Education played an important role in the activities of the club. In 1915, the League assumed responsibility for maintaining the city library. The library had been organized in 1910 as a private institution and was initially supervised by a men’s club and later was entrusted to the care of the local chapter of the Women’s Temperance Union.  

In 1915, the Civic League purchased the lot on which the present woman’s club building stands. Plans for the building were prepared, but before construction could begin in 1917, the nation entered World War I, and the construction was delayed. The efforts for the construction of a clubhouse were renewed after the end of the war, and a fundraising campaign was undertaken. Membership in the organization swelled from ninety-five in 1914 to its zenith in 1924 with three-hundred-seventy-four members.  
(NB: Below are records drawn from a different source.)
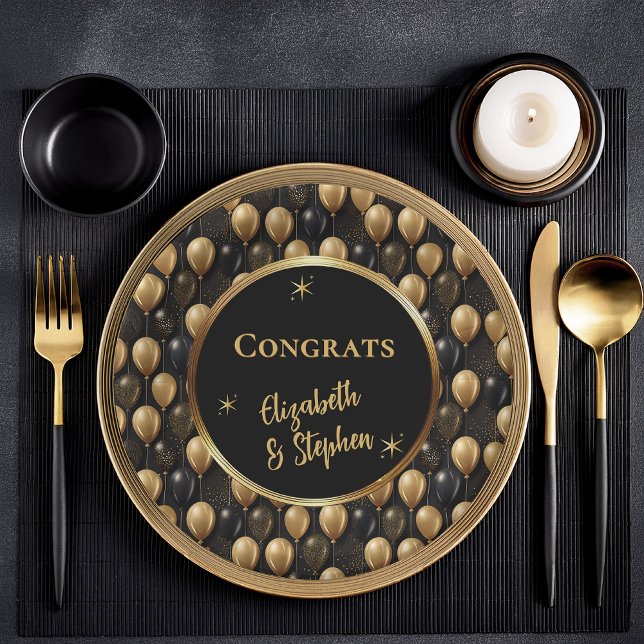 Plato De Papel Negra | Nombres de las felicitaciones a los globos (Elegant Black and Gold Faux Glitter Balloons Pattern A023 "Congrats" [Name(s)] Paper Plates)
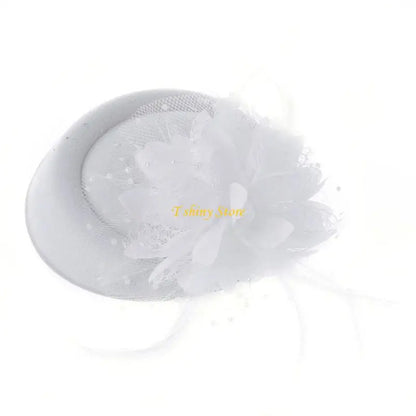 Women Vintage Fascinator Hat with Veil & Flower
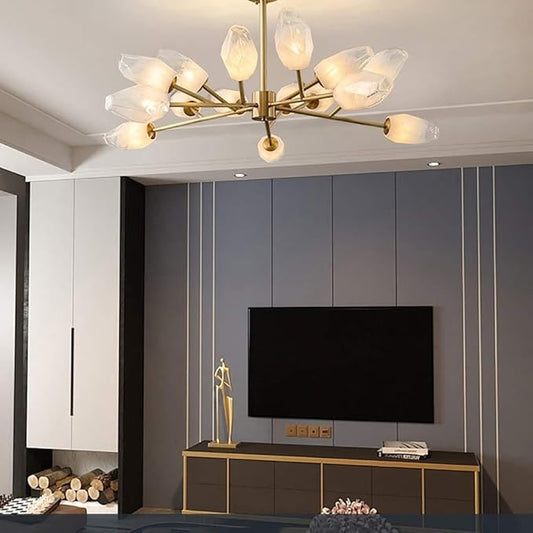 Sputnik Style Brass Tone 15 Bulb Chandelier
In the Fall of 1922, a new set of architectural plans were drawn up, and construction began early in the new year. The project was completed in November 1923 at a cost of $28,000. Much fanfare was associated with the dedication of the building. Downtown merchants closed their businesses for the ceremony on January 22, 1924. Mrs. Frank S. Poole, the club’s recording secretary, submitted an article on the building and a photograph of it which were published in the March 1924 issue of the Florida Bulletin, a journal published by the Florida Federation of Women’s Clubs. The name of the architect who drew up the plans for the clubhouse was not recorded, but the Seymour-Craig Company of Winter Haven Supervised construction.